Não considero os peixes recursos pesqueiros, mas no jargão econômico hoje a vida no mar é 10%, 15% do que era há um tempo atrás. Tudo começa, então, a ficar mais difícil e o processo econômico como um todo fica impactado. Eu vi um estudo ambiental pré-guerra na Síria onde eles estudaram como o lençol freático na bacia do Rio Eufrates estava baixando. Ou seja, eles não estavam mais conseguindo bombear para as plantações. Houve uma migração para os centros urbanos e as pessoas ficaram inúteis dentro das cidades. Isso propicia um tipo de desequilíbrio que vai surgir como uma tensão social inevitável.
Vamos encontrar, então, questões sociais diretamente ligadas às questões ambientais – sobretudo, a questão do custo maior para acessar os elementos que nós precisamos para manter a expansão do processo econômico ou para sustentá-lo.
Assim, na visão dos limites da expansão do processo econômico nós estamos encontrando um patamar parecido com o que, àquela época, o estudo do Grupo de Roma chegou. Esse estudo – de grandes empresas internacionais como a Volkswagen – avaliava se era possível seguir do jeito que o mundo estava seguindo; e chegou-se à conclusão de que não era viável.
Posteriormente, a Fundação Bariloche foi convidada para fazer um estudo levando em consideração o, como era chamado naquele tempo, Terceiro Mundo. Sim, as economias menos desenvolvidas teriam que se desenvolver; não vamos congelar essa discrepância toda. Mas o que acontece é que nós estamos chegando num ponto que não sei bem como tudo vai andar. A direita internacional está se preparando para a guerra final. E a guerra final é assim: eles vão tentar sustentar os desequilíbrios na forma como estão.

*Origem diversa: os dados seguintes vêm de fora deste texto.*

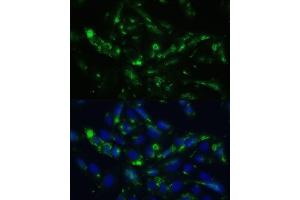 Immunofluorescence analysis of U2OS cells using CGRP antibody (ABIN6128310, ABIN6137852, ABIN6137855 and ABIN6221187) at dilution of 1:100. (CGRP 抗体  (AA 1-141))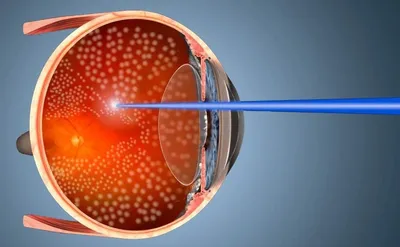 Клиника Здоровье - Сетчатка глаза: заболевания и их лечение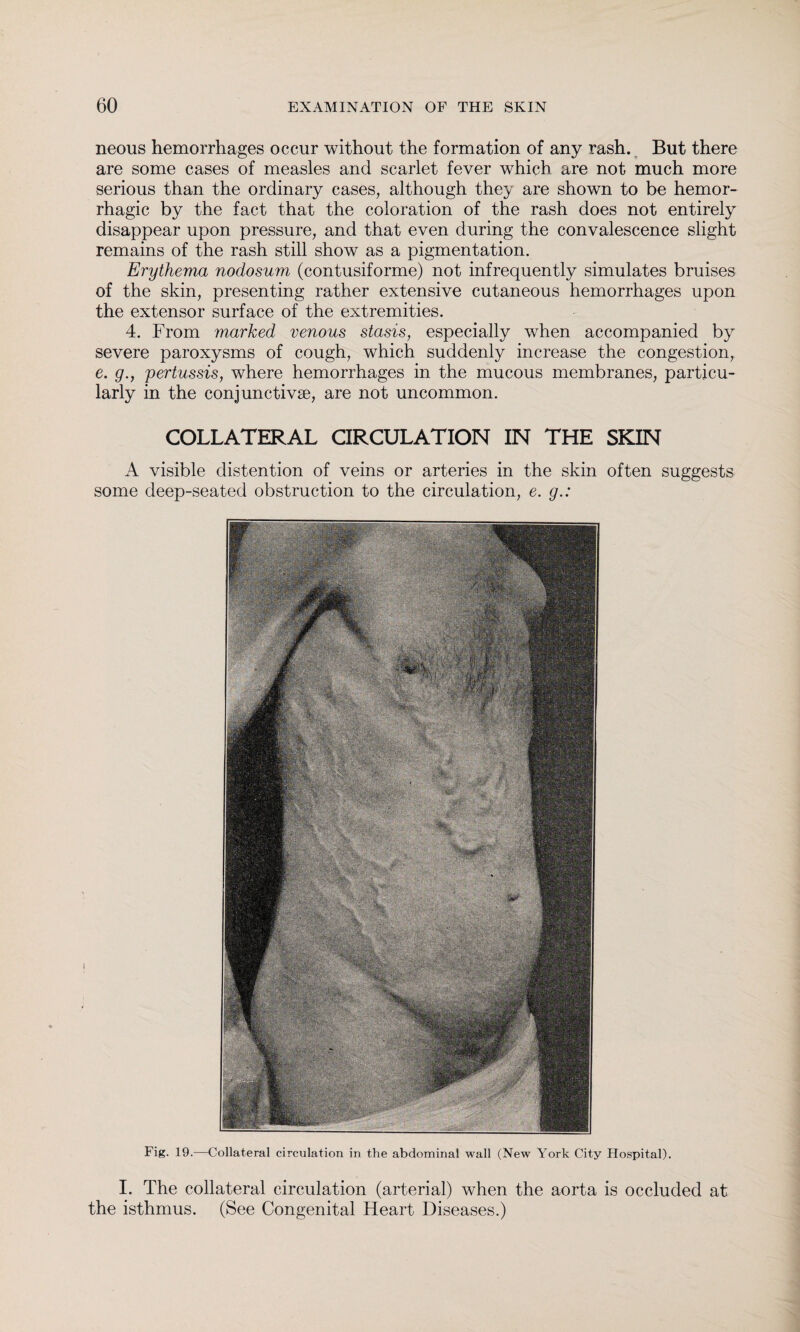 neous hemorrhages occur without the formation of any rash. But there are some cases of measles and scarlet fever which are not much more serious than the ordinary cases, although they are shown to be hemor¬ rhagic by the fact that the coloration of the rash does not entirely disappear upon pressure, and that even during the convalescence slight remains of the rash still show as a pigmentation. Erythema nodosum (contusiforme) not infrequently simulates bruises of the skin, presenting rather extensive cutaneous hemorrhages upon the extensor surface of the extremities. 4. From marked venous stasis, especially when accompanied by severe paroxysms of cough, which suddenly increase the congestion, e. g., pertussis, where hemorrhages in the mucous membranes, particu¬ larly in the conjunctivae, are not uncommon. COLLATERAL CIRCULATION IN THE SKIN A visible distention of veins or arteries in the skin often suggests some deep-seated obstruction to the circulation, e. g.: Fig. 19.—Collateral circulation in the abdominal wall (New York City Hospital). I. The collateral circulation (arterial) when the aorta is occluded at the isthmus. (See Congenital Heart Diseases.)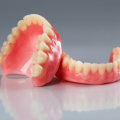 The Cost Comparison: Traditional Dentures vs. Alternative Options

Eles não vão querer que as coisas se reequilibrem, então quem tem algum tipo de vantagem vai tentar se colocar na frente e criar as barreiras todas. É muito simples. Nós vamos encontrar esse tipo de tensão.
Não sei bem como os comunicadores vão olhar, mas já estamos enfrentando isso. Observem as regiões que estão inferiorizadas, como o norte da África e o Oriente Médio: e as migrações em direção à Europa. Se olharem com cuidado – não só o aspecto antropocêntrico, mas também aspecto eurocêntrico – a cultura eurocêntrica destrói as outras culturas e as torna inviáveis. As pessoas se lançam dentro de botes – e não são uns desesperados sem dinheiro. São pessoas que conseguiram pagar um lugar dentro daquele bote, daqueles barcos, e eles se lançam. Muitas vezes, são pessoas educadas que tentam atravessar. Os europeus ainda não se deram conta que se não tentarem fixar as populações do norte da África através de programas onde as pessoas possam viver de uma forma equilibrada, eles vão continuar com esse desequilíbrio.
Do mesmo modo, a política do Donald Trump é criar barreiras, cercas e muros e manter todos os outros de uma forma inferiorizada e desigual. Vamos ter caravanas por todo o lado, chegando nos muros e pedindo para entrar, para saltar. Olhem o que aconteceu com os muros europeus nas regiões que são dominadas pela Europa na África: as pessoas simplesmente pulam aqueles muros; eles colocam telas enormes, mas as pessoas vão escalando e pulando para dentro. Quem pulou pra dentro virou europeu e eles não mandam mais pra fora.
Então essa é uma tensão, e nós vamos ver essas tensões se ampliando. As políticas de direita não tentam lidar com isso. As políticas sociais democráticas trabalhavam com essas questões buscando a promoção do desenvolvimento em todos os lugares. Mas nós estamos nesse momento em que os Estados Unidos se levantam e são muito claros: America first. E ponto. Por que America first? Porque America first e pronto. É simples.
Encontramos também um conjunto de políticas restritivas que simplesmente não tem uma razão para serem deste modo; mas, vai ser assim, e pronto. É isso. Quem gostar, tudo bem; quem não gostar, entenda que a maior parte do povo brasileiro votou e acha bom. Nós estamos vivendo esse tipo de dificuldade.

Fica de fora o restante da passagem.